Quel rôle occupe l’art dans votre vie tant professionnelle que personnelle ?

- Mes écrits sont liés à tout ce que je vois, tout ce que j’aime, tout ce qui m’imprègne. Mon site web est ouvert sur la musique et les arts plastiques www.issamakhlouf.org.

L’art commence par la nature. Les montagnes d’Ehden où, enfant et adolescent, je passai les mois d’été avec mes parents, étaient et restent pour moi des sculptures magnifiques sculptées par le vent, la pluie et le temps.

L’art, pour moi, est une sorte de voyage. Un voyage intérieur. Tout voyage est une richesse car il donne des ailes à l’esprit, le rend plus tolérant et plus clément, dans la mesure où il y a rencontré et dialogue. Aussi, la vie serait ennuyante sans l’art sous toutes ses formes. L’art peut atténuer l’attente, rendre la vie vivable. C’est l’une des choses qui peut nous consoler. La beauté est un espoir.

Quels sont vos projets littéraires pour l’avenir ?

- La traduction de « Mirages » en espagnol, réalisée par Rafael Patino, est publiée aux Editions Monte Avila à Caracas et distribuée en Amérique latine et en Espagne. Le même livre paraîtra en anglais à New York. Un autre livre qui s’intitule « Lettre aux deux sœurs », publié aux éditions An-Nahar à Beyrouth en 2004, a été traduit par Abdellatif Laâbi et va bientôt paraître aux éditions José Corti à Paris.
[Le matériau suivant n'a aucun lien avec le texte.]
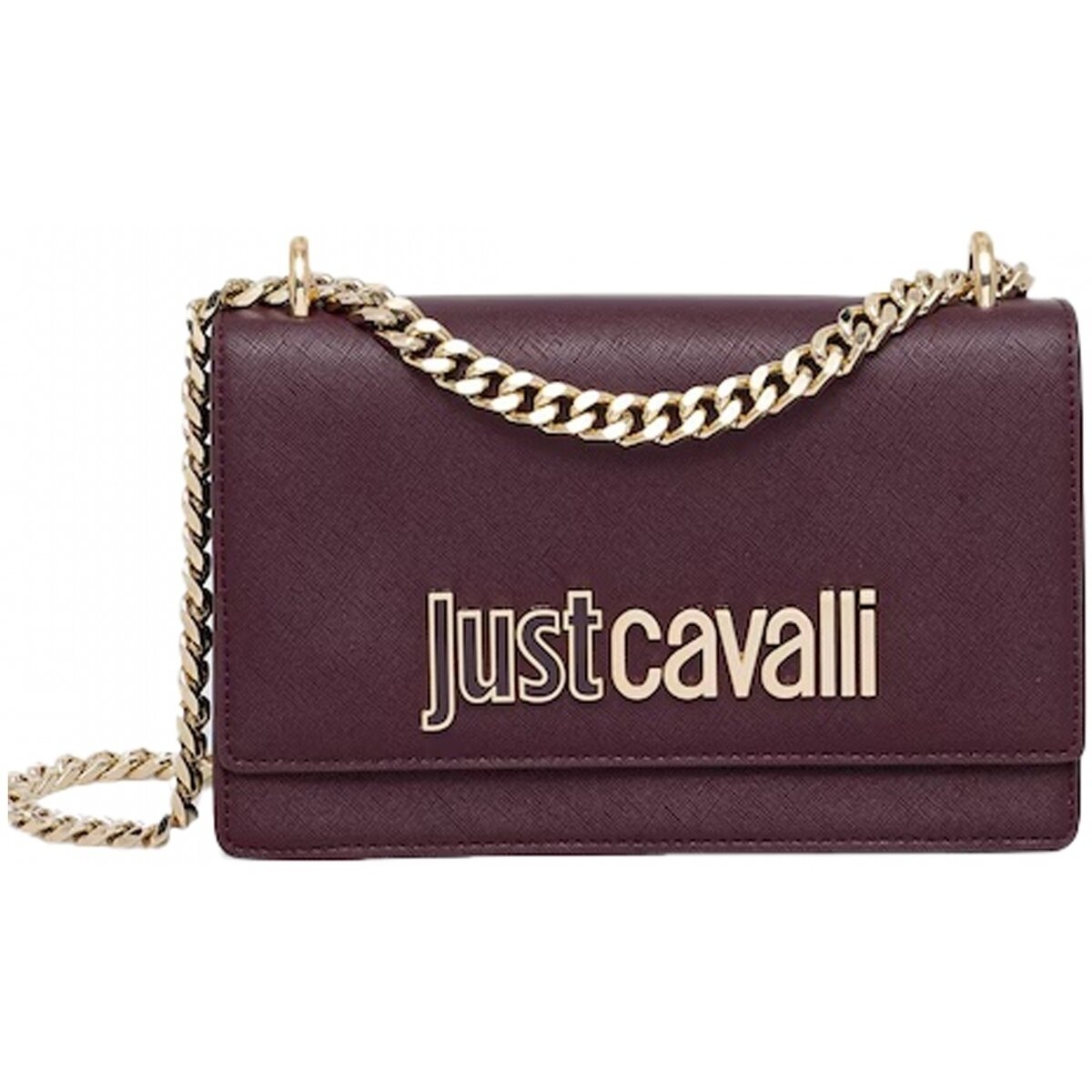Roberto Cavalli Genti Jc Lettering 1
Par ailleurs, je suis en train d’écrire un livre à partir de mon expérience à New York. L’immeuble de l’ONU où j’ai travaillé pendant un an, ressemble à la Tour de Babel. Il regroupe 192 pays et là le mot PAIX est très prononcé (dans les discours, les discussions et les rencontres…). Ici, plus que nulle part ailleurs, on peut comprendre les mécanismes de la guerre et de la violence dans le monde et pourquoi l’étincelle de la guerre est toujours allumée.
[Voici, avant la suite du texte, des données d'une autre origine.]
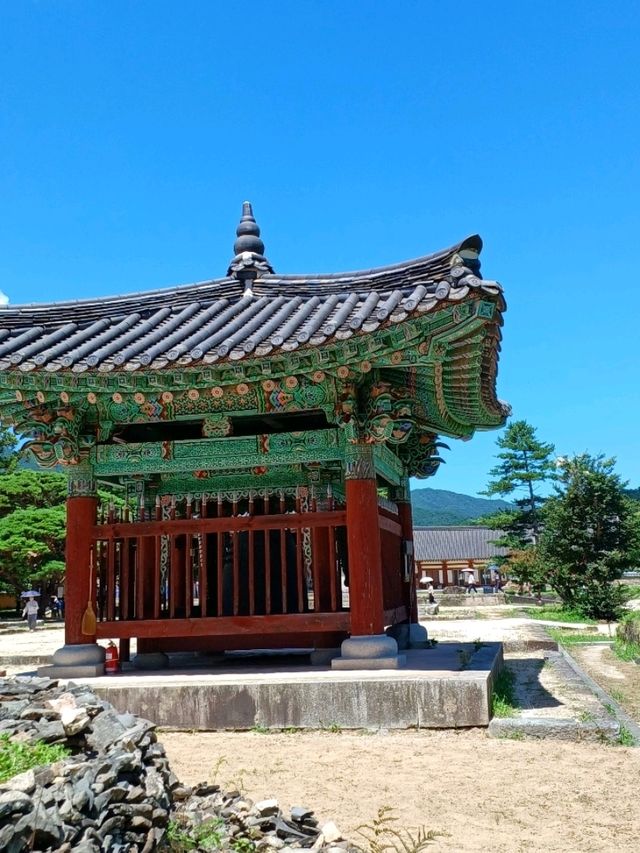 하루쯤은 고요하게, 실상사에서 🌙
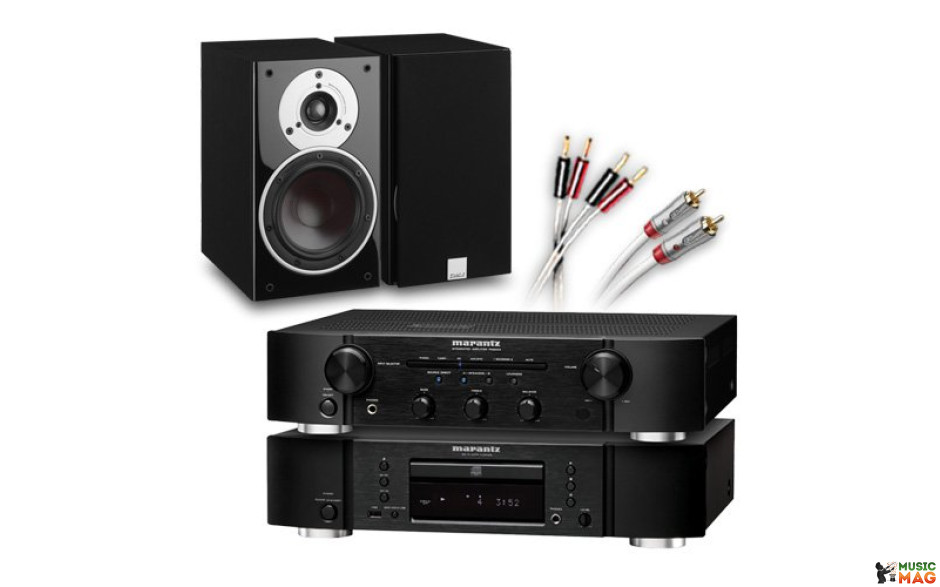 Dali Zensor 1 + Marantz CD6006 + Marantz PM6006. Цена, купить Стерео  комплекты Dali Zensor 1 + Marantz CD6006 + Marantz PM6006 в Киеве,  Харькове, Днепропетровске, Одессе, Запорожье, Львове. Стерео комплекты Dali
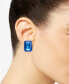 Mixed-Metal Crystal Stud Earrings, Created for Macy's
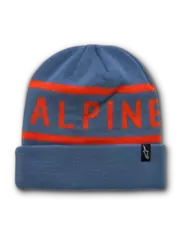 Alpinestars - Lue Med Oppbrett Bl&#229;/R&#248;d - Unisex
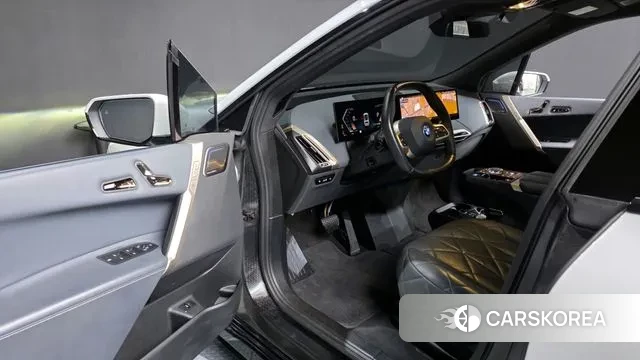 BMW iX id 3462965 из Кореи 20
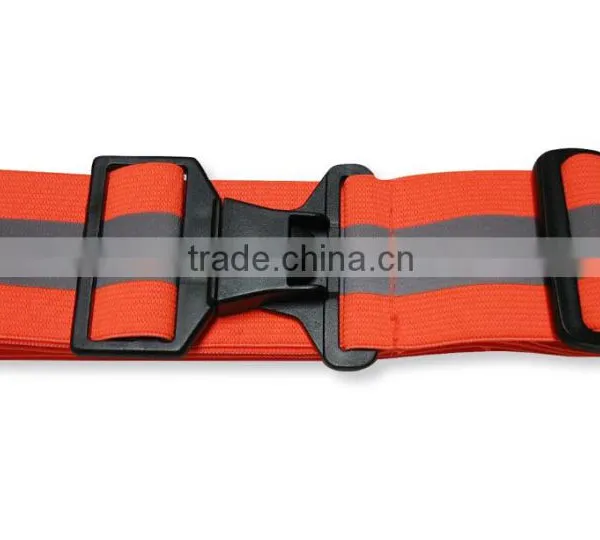 Manufacturing Glow In the Dark Safety Running Belt Reflective Glow Safety Product photo-4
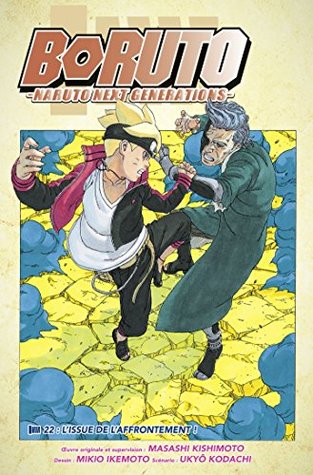 Boruto - Naruto next generations - Chapitre 22 (Kindle Edition)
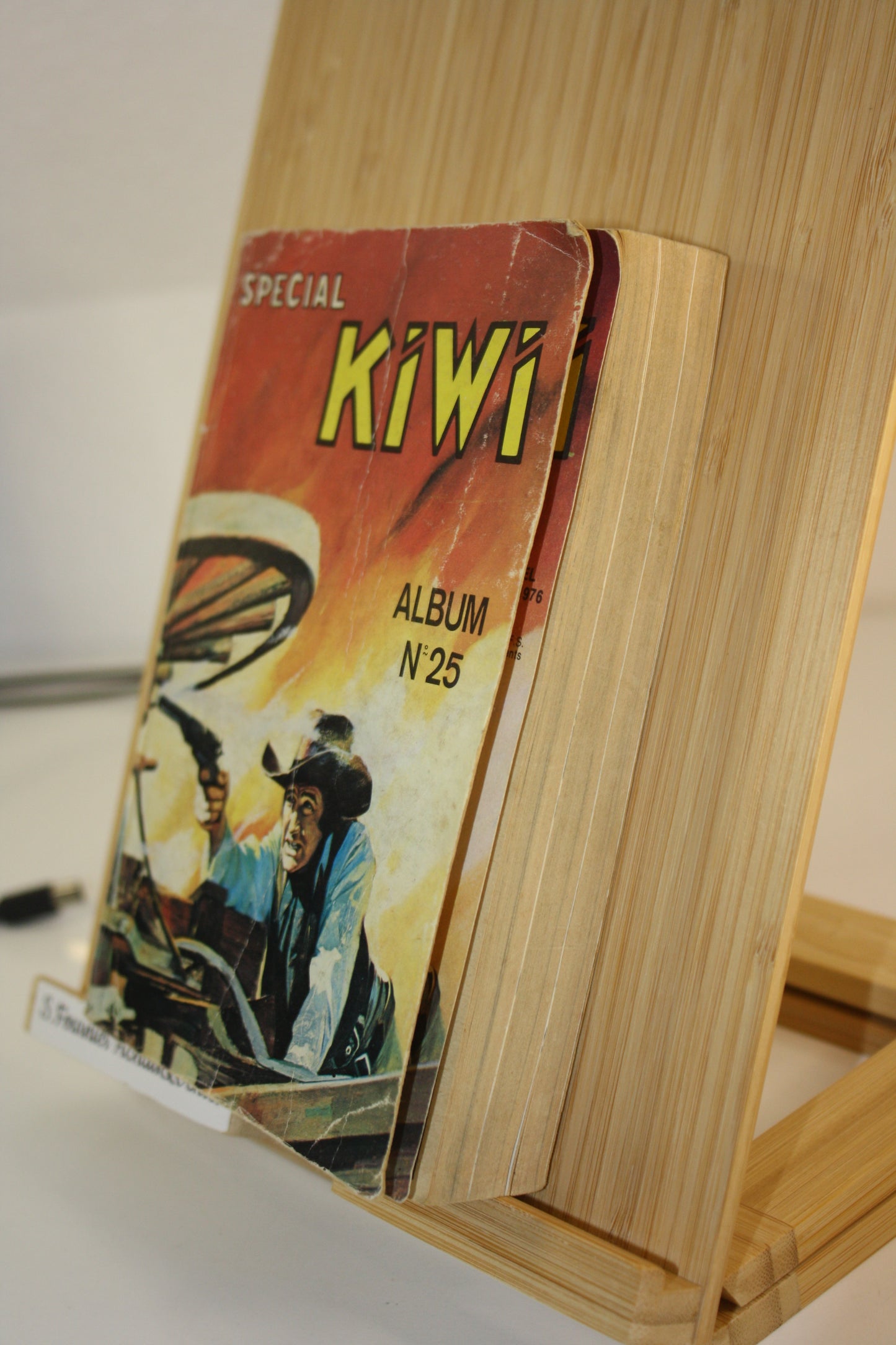 Album recueil n°25 et 27– Spécial Kiwi – Collectif – LUG – Périodique – 1978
D’autre part, l’ONU possède des chefs-d’œuvre de toutes les cultures et les civilisations. Dans le jardin de l’ONU, par exemple, je contemplais souvent une sculpture de Henry Moore que j’admire beaucoup : une femme de bronze couchée. Cette sculpture m’interpellait profondément. D’ailleurs, mon prochain ouvrage s’articule autour d’un dialogue avec ce personnage inanimé, mais qui bouge de l’intérieur par la force de la beauté qui en émane. Je le considère plus libre et plus indépendant que moi, comme toute œuvre d’art. Les dialogues que j’entame avec les œuvres d’art trouvent écho dans tout ce que j’écris. Je les vis comme des expériences personnelles. Dans un de ses films, Fellini nous invite à tomber amoureux d’une œuvre d’art réussie. C’est peut-être une façon d’aimer sans aboutir à la déception ! Mais, en tant qu’êtres humains, que peut-on faire ? On est condamné à aimer et être aimé malgré toutes les conséquences. Dostoïevski l’a bien exprimé : « Dire à quelqu’un : Je t’aime, c’est lui dire qu’il est toujours en vie ».